ROGERS: I was reading the World of Warcraft collections and one of the creators of the game was saying that that world was majorly influenced by your Thor run. Do you get that sense, of Warcraft or other things in the culture having been influenced by your Thor run at all?

SIMONSON: I got to know Chris Metzen, the guy you’re referring to. Chris wrote the introduction for the first volume and said some very nice things in there. We’ve met and he was a big fan of that stuff, which was very nice, and as a result I’m willing to take his word for it that it was kind of seminal in his development and his interest in fantasy. Which is very flattering. It’s very cool.

From the influential Manhunter. Click for larger view.

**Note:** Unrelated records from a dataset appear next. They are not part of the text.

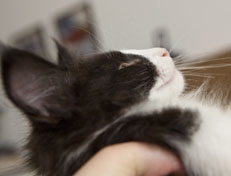 Wildfee's Norwegische Waldkatzen SC Wildfee's Pernilla - 9 Wochen alt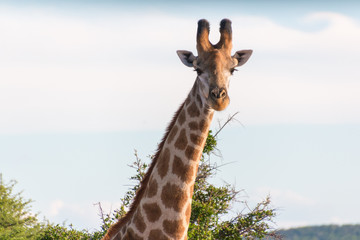 Giraffe in the wild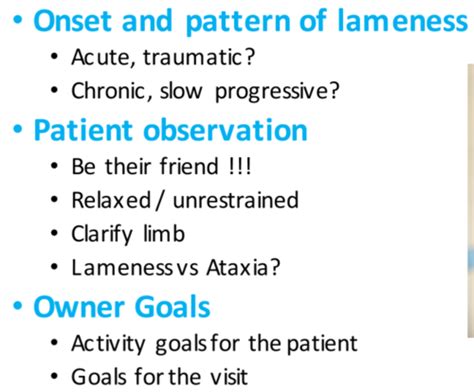 Exam 2 Ortho Exam Flashcards Quizlet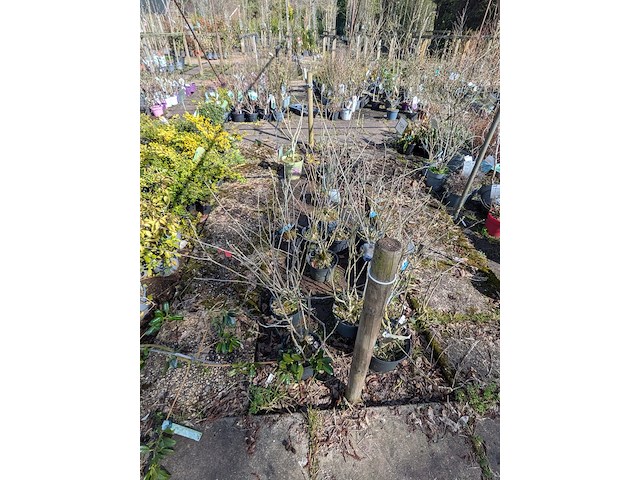 Partij planten en bomen in pot - afbeelding 75 van  76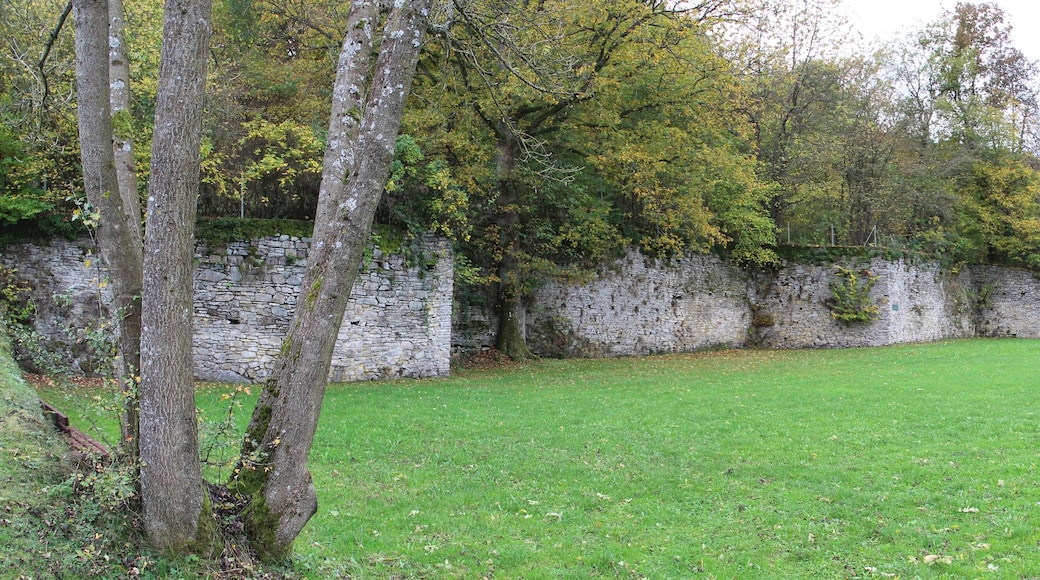 Ruine des Jagdschlosses Katzenbach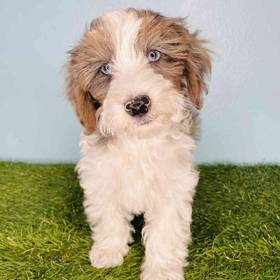 Yorkie-Poo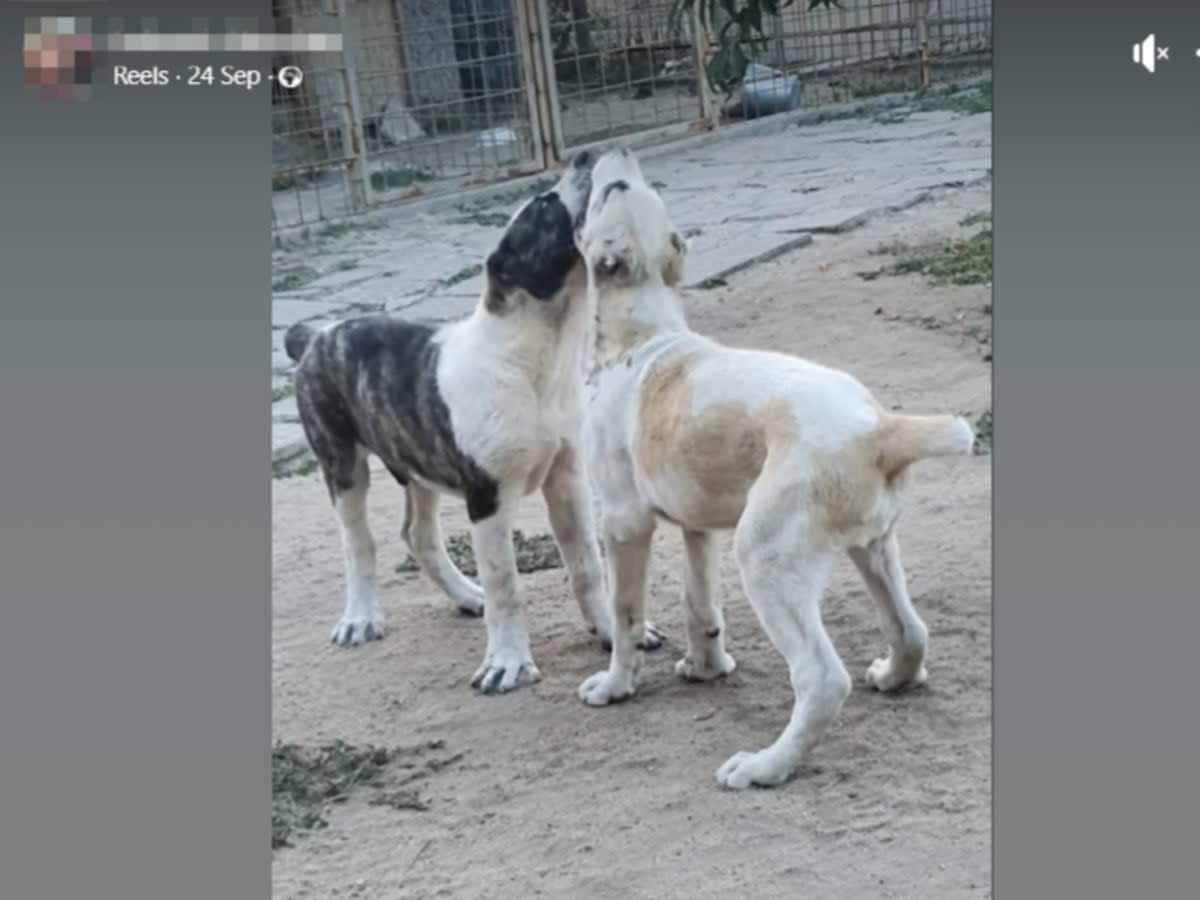 Dogs with cropped tails were found advertised (Meta / Four Paws)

For the most part, I don’t see my influence in other stuff that much. I feel lucky to have had jobs all these years. For example, just in comics, I don’t look around and see a lot of Walter Simonson clones. I know there are several guys who’ve gone and become wonderful artists in comics who were influenced by my work early. Most of the time I don’t really see it. I think the only guy where I really looked and thought, “Boy, I see some of my stuff in his very early stuff” was Marshall Rogers. He did black and white jobs in the mid-seventies [in The Deadly Hands of Kung Fu]—a couple of girls, women with swords. There was a lot of [Howard] Chaykin and a lot of Simonson influence there. As Marshall worked out his own material over time I saw less of that. But mostly I don’t see myself in other people’s work. I just kind of do the work and put it out there. I’m hoping people enjoy it and I’m glad it’s influential on some folks, but I don’t really look at it and go, “Oh yeah, that’s a Walt Simonson right there.” I did see my stuff in the Thor movie, but that was not unexpected. [Laughs.]

ROGERS: Well, I’m just going to throw a couple names at you here and see maybe what you think of their work or what you respond to in their work.

SIMONSON: Okay.

ROGERS: Mike Mignola?

SIMONSON: I’m a giant fan of Mike’s. I love his sense of abstraction. I love the fact that he doesn’t just turn the work out in four seconds. I teach at the School of Visual Arts in New York, and some years ago when Mike lived in the city, I had him come by my class a couple times  and bring sketches and his art and a bunch of process stuff to show people. It was a complete treat for me to see the process, maybe more of a treat for me than it was for some of the students. It was nice to see work that is so completely finished and so completely thought out—it’s all right in the brain. He works out an awful lot of stuff before that final drawing is finished. I knew Mike when he was starting out in comics, and I couldn’t be happier for his success. I think he’s just fantastic. I’m also a big fan of his writing, which is kind of like, Zen horror. [Rogers laughs.] I could not do it. But it has a great pared-down quality, which I think is incredibly cool.

ROGERS: So on that same note, I guess, what about Guy Davis?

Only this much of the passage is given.